**Records:**
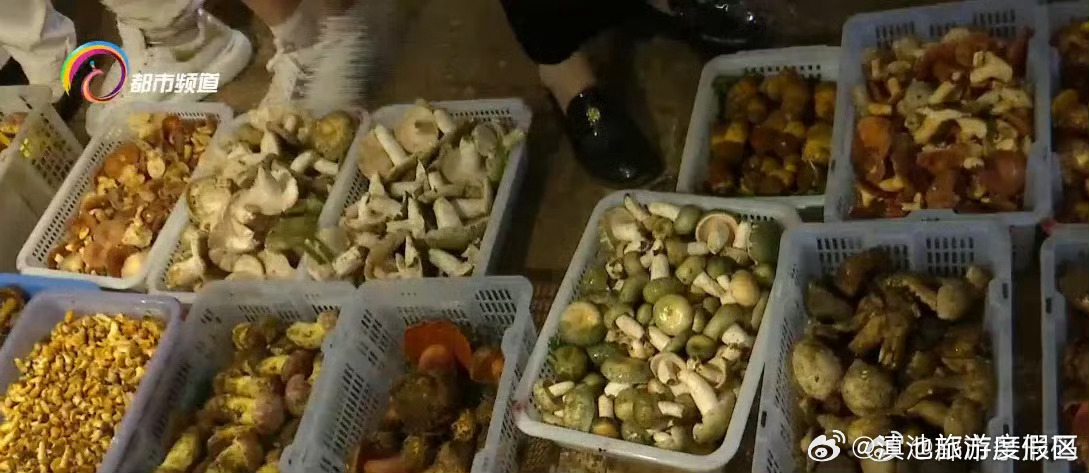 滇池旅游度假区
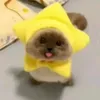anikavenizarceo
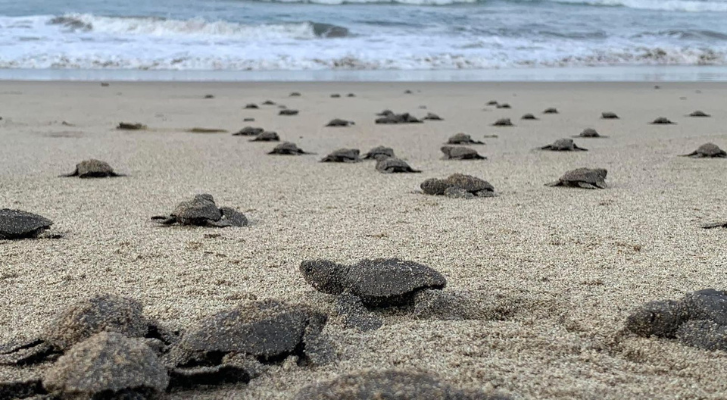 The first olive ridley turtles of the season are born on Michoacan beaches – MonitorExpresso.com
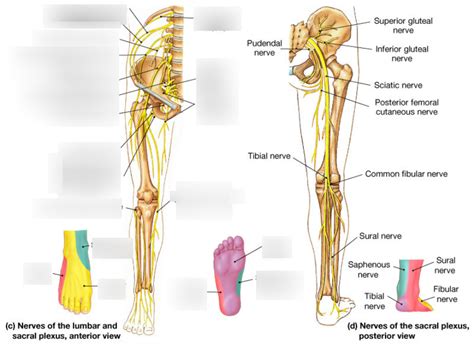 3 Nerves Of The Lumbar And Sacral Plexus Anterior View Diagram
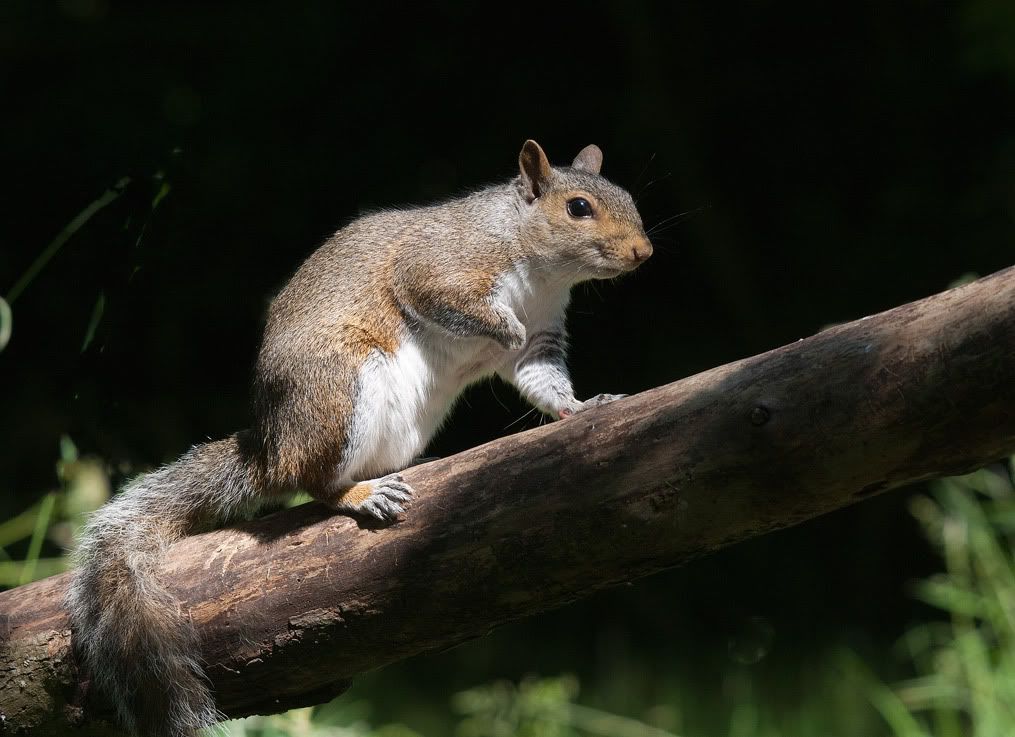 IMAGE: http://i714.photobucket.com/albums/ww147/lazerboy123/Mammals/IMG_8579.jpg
==
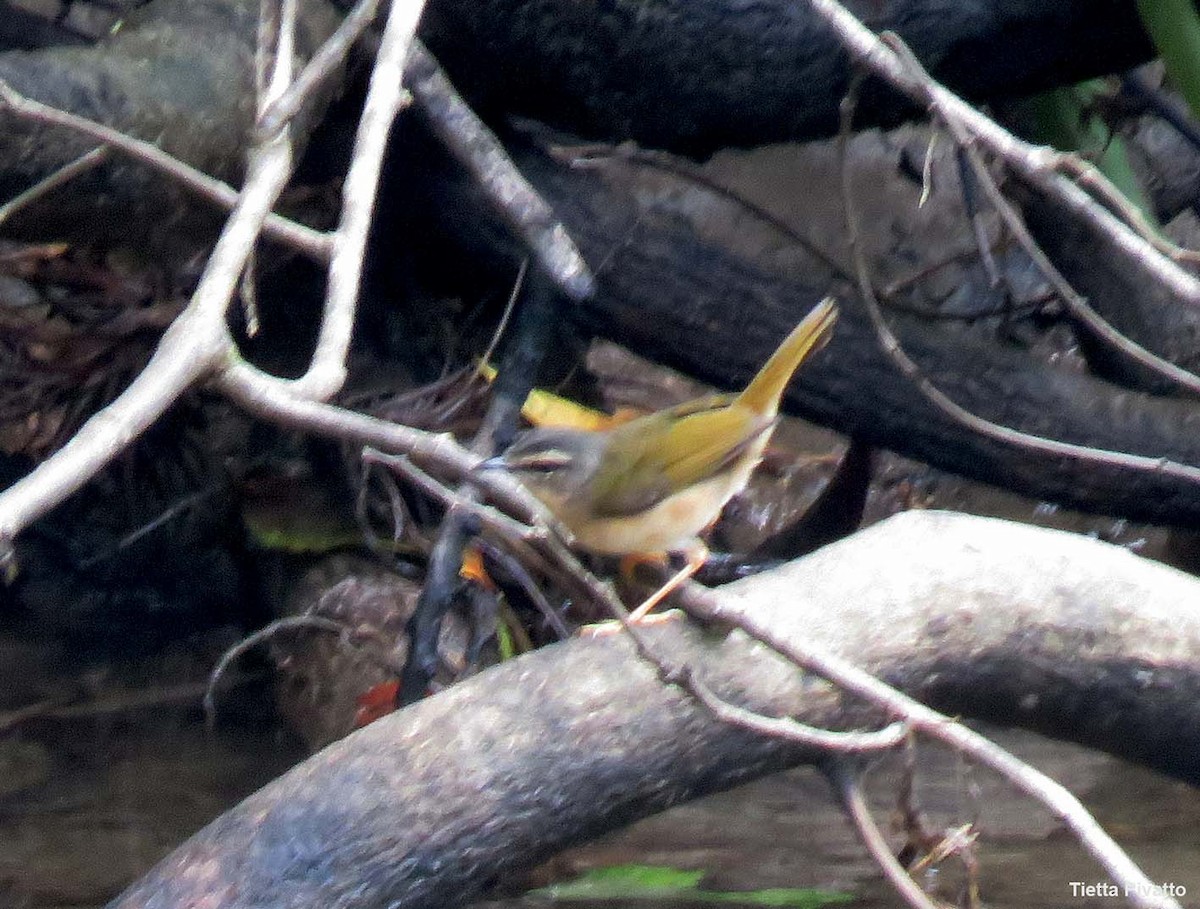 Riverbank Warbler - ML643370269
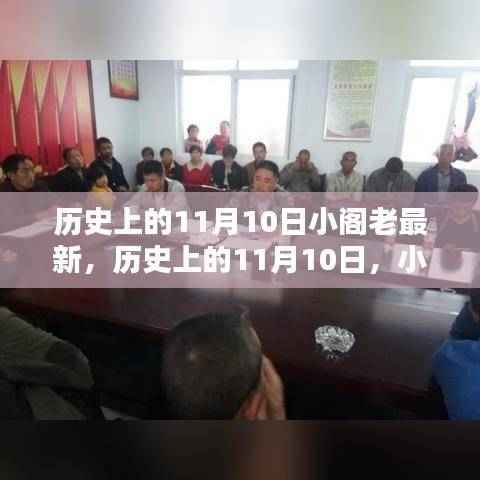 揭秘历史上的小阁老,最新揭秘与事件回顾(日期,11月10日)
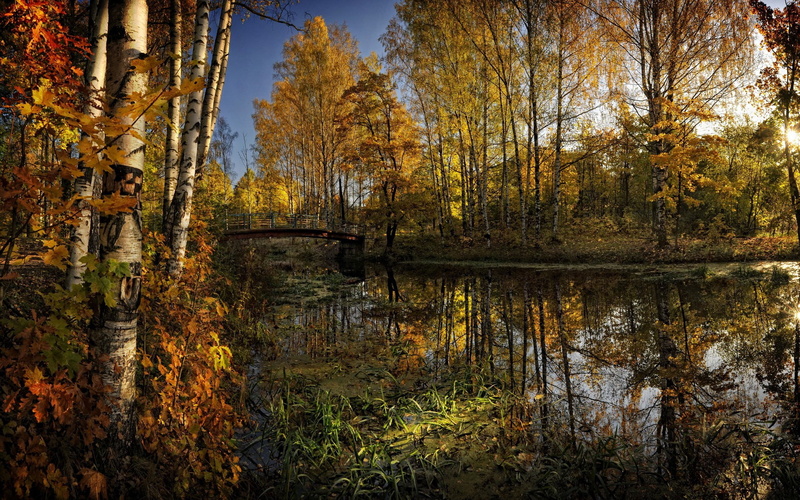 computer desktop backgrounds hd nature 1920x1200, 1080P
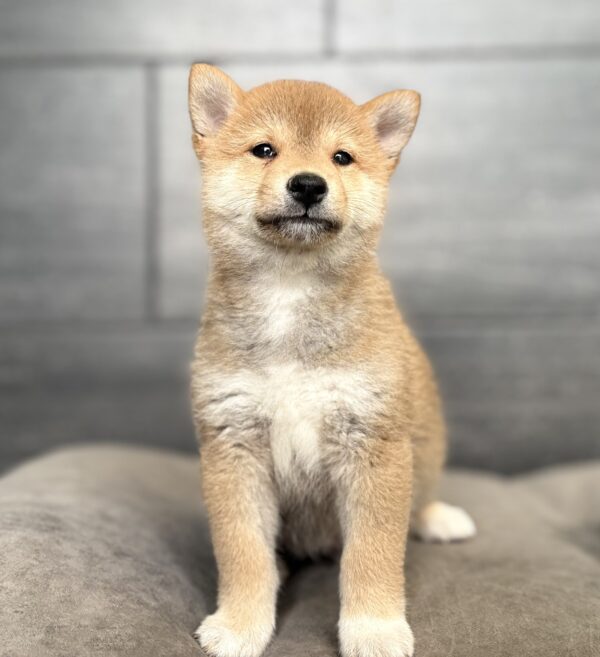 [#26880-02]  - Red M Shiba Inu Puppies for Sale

**What the exercise asks:** Work from the entries above. Set down exactly and only the lines from the line with "Riverbank Warbler - ML643370269" to the line with "Puppies for Sale", both included, and leave the pictures out.

**Output below:**
 Riverbank Warbler - ML643370269
 揭秘历史上的小阁老,最新揭秘与事件回顾(日期,11月10日)
 computer desktop backgrounds hd nature 1920x1200, 1080P
 [#26880-02]  - Red M Shiba Inu Puppies for Sale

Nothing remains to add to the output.